DIRECTIONS — Output every record verbatim, and omit each picture.

DATASET ENTRIES —
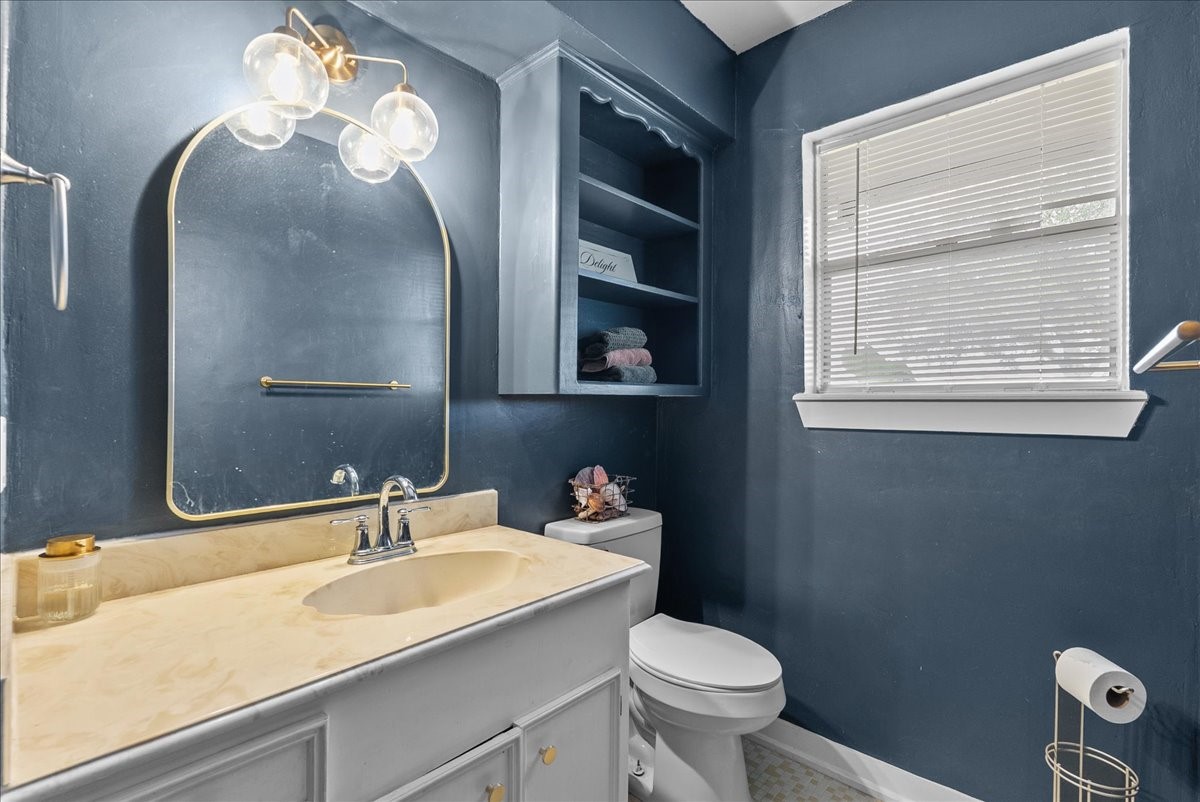 10803 Oberrender Road Needville, TX 77461 - Photo 14 of 36 a bathroom with a sink a toilet and a mirror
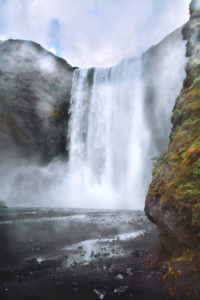 Skógafoss, Dramatic, 60m waterfall on a rocky cliff, Iceland Skógafoss, Dramatic, 60m waterfall on a rocky cliff, Iceland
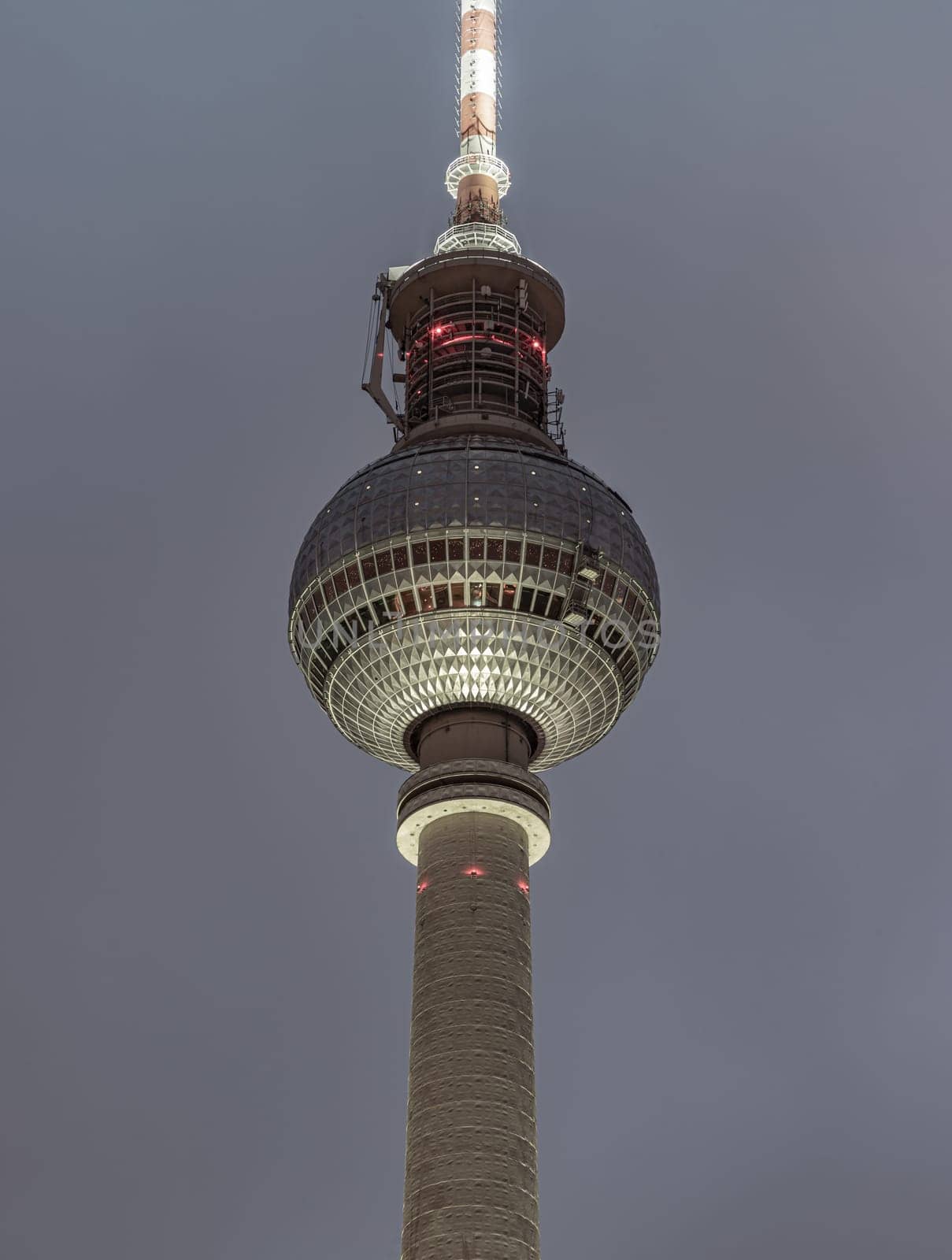 Berlin, Germany - Dec 18, 2023 - Famous Berlin Television Tower (Fernsehturm) with night sky background near Alexanderplatz in Berlin, A Tourist attraction and Meeting place, Space for text, Selective focus.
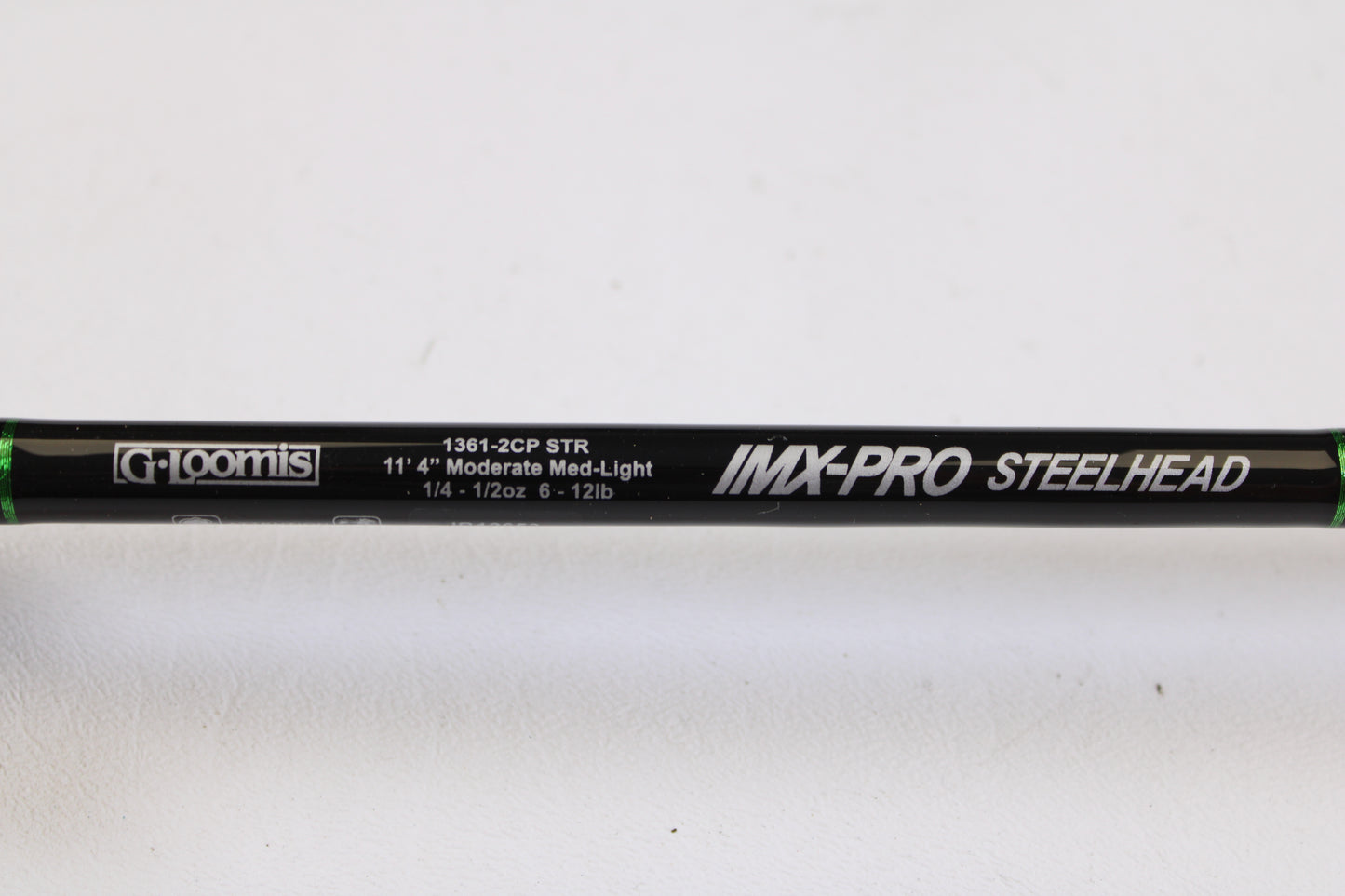 Close-up of a mint condition, used G. Loomis IMX-PRO Steelhead Centerpin 11'4" Medium Light 2-piece spinning rod—perfect for the Rod and Reel Trade-In Program to upgrade your gear and earn store credit.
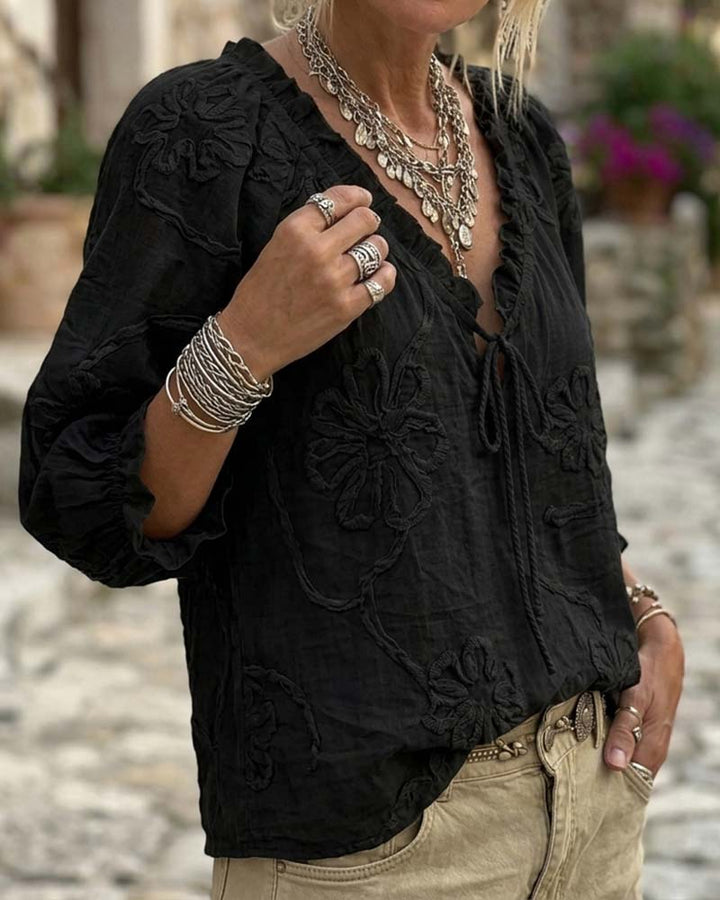 Blusa de algodón 100%, escote en V envolvente, con lazo y volantes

ANSWER BOX —
 10803 Oberrender Road Needville, TX 77461 - Photo 14 of 36 a bathroom with a sink a toilet and a mirror
 Skógafoss, Dramatic, 60m waterfall on a rocky cliff, Iceland Skógafoss, Dramatic, 60m waterfall on a rocky cliff, Iceland
 Berlin, Germany - Dec 18, 2023 - Famous Berlin Television Tower (Fernsehturm) with night sky background near Alexanderplatz in Berlin, A Tourist attraction and Meeting place, Space for text, Selective focus.
 Close-up of a mint condition, used G. Loomis IMX-PRO Steelhead Centerpin 11'4" Medium Light 2-piece spinning rod—perfect for the Rod and Reel Trade-In Program to upgrade your gear and earn store credit.
 Blusa de algodón 100%, escote en V envolvente, con lazo y volantes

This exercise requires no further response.